Ensuring insight is useful, usable and used very much depends upon the culture of data-led decision-making in an organisation. Organisations led by those who favour instinct may struggle to make the most of their data asset and fall behind more data-literate competitors.
7. Clarity of the question
Clarity over the expected outcomes and measurement requirements from the outset of marketing activity is essential to measurement success. This ensures data science teams are prepared to collect the right data to answer measurement questions (for example the level of granularity in geo-tagging), set-up experiments so the results are statistically valid and can be used in meaningful ways (for example in test design and sample sizes), or select the right evaluation methods.

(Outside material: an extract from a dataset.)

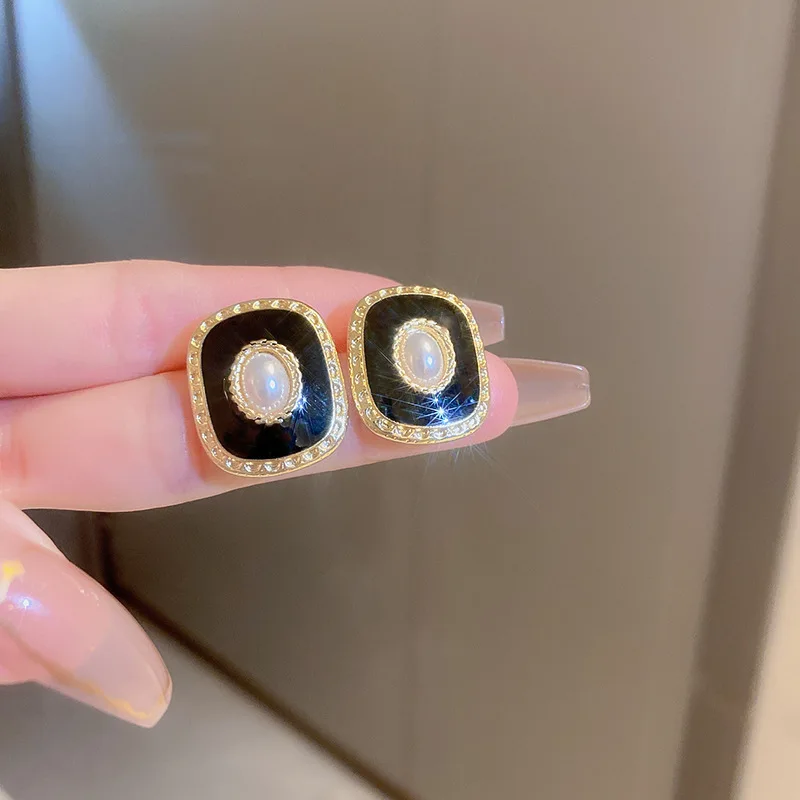 Vintage Oval Imiation Pearl Earrings for Women Black Enamel Oil  Metal Square Earrings Party Trendy Geometry Jewelry Girls Gift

This requires that marketers brief with effectiveness in mind, involving their marketing science teams as early as possible. Otherwise learnings may be limited and future budget may be wasted on activity that doesn’t perform.
8. Things change
Competitors catch you off guard. Consumer habits shift. Politicians make decisions that impact the market. New channels take off. Your product goes out of stock and you can’t fulfil orders. Stuff happens.
All of which can have a significant impact on both consumer behaviours and model efficacy. Increasingly, insight and effectiveness teams are employing more agile approaches, with more in their toolkit to help them overcome fast moving change or shocks to the system. But even the best prepared team can be taken by surprise.
Embedding data and measurement within your BAU (business as usual) decision making processes, and using a wide range of methods from econometrics to experiments and attribution, can allow the flexibility and agility to respond to shocks. You can’t control the environment you operate in, but you can make sure you’re set up to respond quickly when things change.
In summary, effective marketing measurement involves a wide range of challenges to overcome, from analytics to people. But it is the skill (and job) of the marketing science teams to tackle these and build capabilities that support smarter decisions in the short- and the long-term.